Est-ce bien grave si les premiers chrétiens ont pu inventer certains des épisodes ou certaines des paroles rapportés par les évangiles ?

Dans ce qu'il est convenu d'appeler la recherche du Jésus historique — autrement dit la recherche scientifique de qui a pu être réellement Jésus, si déjà il a existé (quasiment personne n'en doute sérieusement), quelle a pu être sa vie, ce qu'il a fait, ce qu'il a dit — un certain nombre de critères d'historicité font à peu près consensus parmi la majorité des chercheurs. Parmi ces critères, il n'y en a aucun qui soit fiable à cent pour cent, l'histoire n'est pas une science exacte, mais ils permettent de dégager, chacun, une probabilité plus ou moins importante, et c'est le plus souvent lorsque plusieurs de ces critères viennent en renfort les uns des autres sur une même question, qu'on obtient un résultat qui puisse s'approcher, relativement, d'une quasi-certitude.

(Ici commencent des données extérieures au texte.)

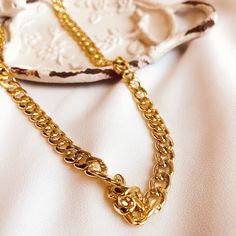 This stylish Cuban chain is super trendy at the moment, works for any street style you have in your closet!Item Details: • This listing is for ONE(1) Cuban chain necklace• 14k gold-filled, width 6mm.• Model wearing 16 inches. Trendy Gold-tone Tarnish Resistant Chain Necklace, Trendy Gold Tarnish-resistant Chain Necklace, Trendy Gold Chain Necklace, Everyday Gold Plated Curb Chain Necklace, Everyday Gold Curb Chain Necklace, Everyday Yellow Gold Chunky Chain Necklace, Trendy Cuban Link Gold Chain Necklace, Chic Cuban Link Chunky Chain Necklace, Chic Cuban Link Necklace With Adjustable Chain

Un de ces critères, assez important, est le fait qu'un même évènement, ou une même parole, se retrouve dans plusieurs sources. Ainsi ici, la première partie, la question d'un homme de loi (ceux qu'on appelle aussi dans les évangiles les scribes : ce sont les spécialistes du texte biblique), se retrouve-t-elle aussi chez Matthieu (22, 34-40) et chez Marc (12, 28-34). Il y a de petites différences, qui peuvent être intéressantes à examiner de près, car ce sont de telles différences qui nous permettent de mieux comprendre les motivations de chacun des évangélistes. Il y a cependant, dans le cas de ce dialogue sur l'amour de Dieu et du prochain, une grosse différence entre Luc, d'une part, et Matthieu et Marc d'autre part : chez ces derniers, ce dialogue se déroule à Jérusalem, au milieu d'une série de controverses, série que Luc suit lui aussi comme les deux autres, à la seule exception de ce dialogue, qu'il a donc tenu à déplacer ici, pour donner en fait comme une introduction à sa parabole, dite en général du "bon Samaritain".

Cette parabole elle-même est absolument propre, elle aussi, à Luc seul. On pourrait donc dire que, d'un point de vue historique, selon ce seul critère du nombre de sources où on peut trouver une même anecdote ou une même parole, cette parabole du bon Samaritain commence mal son parcours d'authentification. Cependant, parmi les différents critères d'historicité, il en est un qui est beaucoup plus fort que celui de la multiplicité des sources, on l'appelle le critère d'embarras : c'est lorsqu'on a quelque chose qui n'est pas conforme à l'image que le christianisme a voulu donner par la suite de Jésus. Un bon exemple de ce critère d'embarras est le baptême de Jésus par Jean le Baptiste : ce baptême place Jésus dans une position de dépendance par rapport au Baptiste, d'autant qu'il s'agit d'un baptême "pour la rémission des péchés", alors que Jésus est bien sûr supposé, selon le christianisme, n'avoir jamais été sujet au péché...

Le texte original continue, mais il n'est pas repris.